Using the material below, return exactly the lines between the one holding "Hi, my name" and the one holding "Environmentalist two says", inclusive, and no others.

_Dataset content:_

Segment Open

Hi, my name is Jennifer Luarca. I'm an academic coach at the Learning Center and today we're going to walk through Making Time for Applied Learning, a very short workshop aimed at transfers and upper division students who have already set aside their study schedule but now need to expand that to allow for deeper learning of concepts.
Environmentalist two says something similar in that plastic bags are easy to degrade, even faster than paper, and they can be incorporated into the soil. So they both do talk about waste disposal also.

Segment Closed
Segment Open

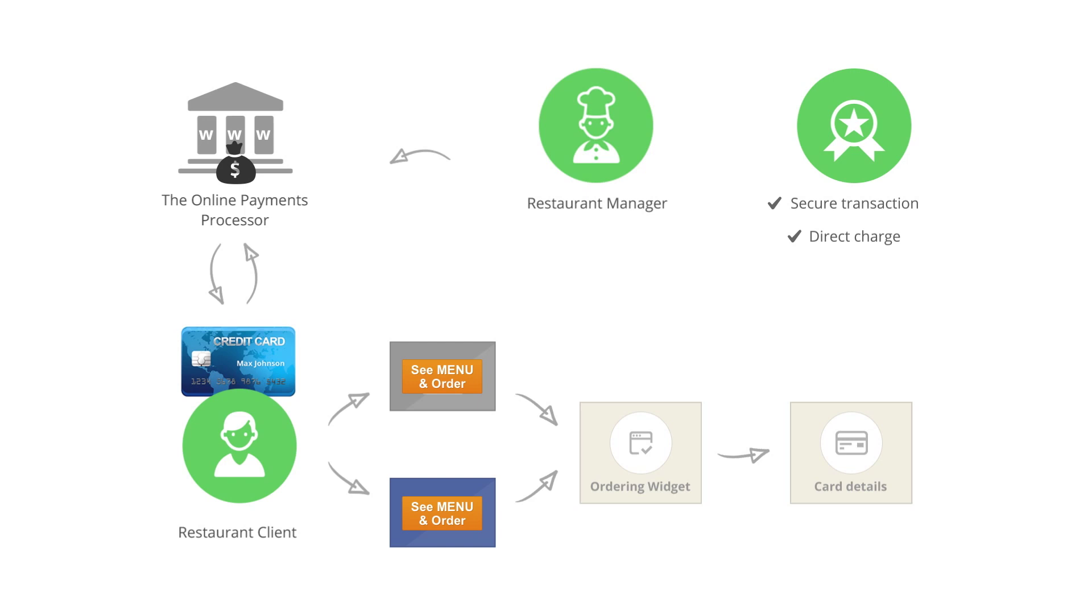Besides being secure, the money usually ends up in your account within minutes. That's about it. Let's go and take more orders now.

Segment Closed

_Task solution:_
Hi, my name is Jennifer Luarca. I'm an academic coach at the Learning Center and today we're going to walk through Making Time for Applied Learning, a very short workshop aimed at transfers and upper division students who have already set aside their study schedule but now need to expand that to allow for deeper learning of concepts.
Environmentalist two says something similar in that plastic bags are easy to degrade, even faster than paper, and they can be incorporated into the soil. So they both do talk about waste disposal also.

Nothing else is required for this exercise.